Iannini argues that the bankruptcy court erred in determining that it lacked subject-matter jurisdiction over the adversary proceeding on the basis of the Rooker-Feldman doctrine. The Rooker-Feldman doctrine provides that lower-level federal courts lack subject-matter jurisdiction to review certain state court rulings. Goodson v. Maggi, No. 08-44, 2010 WL 1328687, at *10 (W.D. Pa. Mar. 1, 2010). The origin of the doctrine stems from two decisions of the United States Supreme Court: Rooker v. Fidelity Trust Co., 263 U.S. 413 (1923), and District of Columbia Court of Appeals v. Feldman, 460 U.S. 462 (1983). The doctrine applies to federal district courts, see Purpura v. Bushkin, Gaimes, Gains, Jonas & Stream, 317 F. App'x 263, 265 (3d Cir. 2009), and federal bankruptcy courts, see Knapper, 407 F.3d at 581-82 ("Rooker-Feldman still applies" to adversary proceedings in bankruptcy court).

When a plaintiff seeks to litigate a claim in a federal court, the existence of a state court judgment in another case bars the federal proceeding under the Rooker-Feldman doctrine when entertaining the federal court claim would be the equivalent of an appellate review of that order.
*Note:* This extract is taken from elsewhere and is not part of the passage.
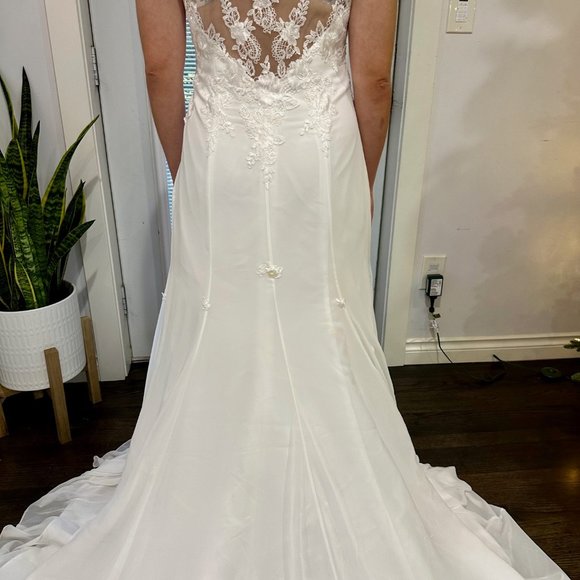 Alfredo Angelo Chiffon Wedding Dress Sweetheart Lace Applique Gown with … - Picture 6 of 14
See Ernst v. Child & Youth Servs., 108 F.3d 486, 491 (3d Cir. 1997). This limitation upon the subject-matter jurisdiction of a federal district court derives from 28 U.S.C. § 1257, which provides that "[f]inal judgments or decrees rendered by the highest court of a State in which a decision could be had, may be reviewed by the Supreme Court." 28 U.S.C. § 1257; see Valenti v. Mitchell, 962 F.2d 288, 296 (3d Cir. 1992). Litigation challenging the correctness of the state court's resolution of the federal question must be through appellate review in the state courts and ultimately may be reviewed by the United States Supreme Court -- not by a lower-level federal court.

The Court of Appeals for the Third Circuit recognizes that the Rooker-Feldman doctrine bars claims raised in federal courts in two situations. The first situation to which the doctrine acts as a bar is when "the federal claim was actually litigated in state court prior to the filing of the federal action." Knapper, 407 F.3d at 580. The second situation is when "the federal claim is inextricably intertwined with the state adjudication, meaning that federal relief can only be predicated upon a conviction that the state court was wrong." Id.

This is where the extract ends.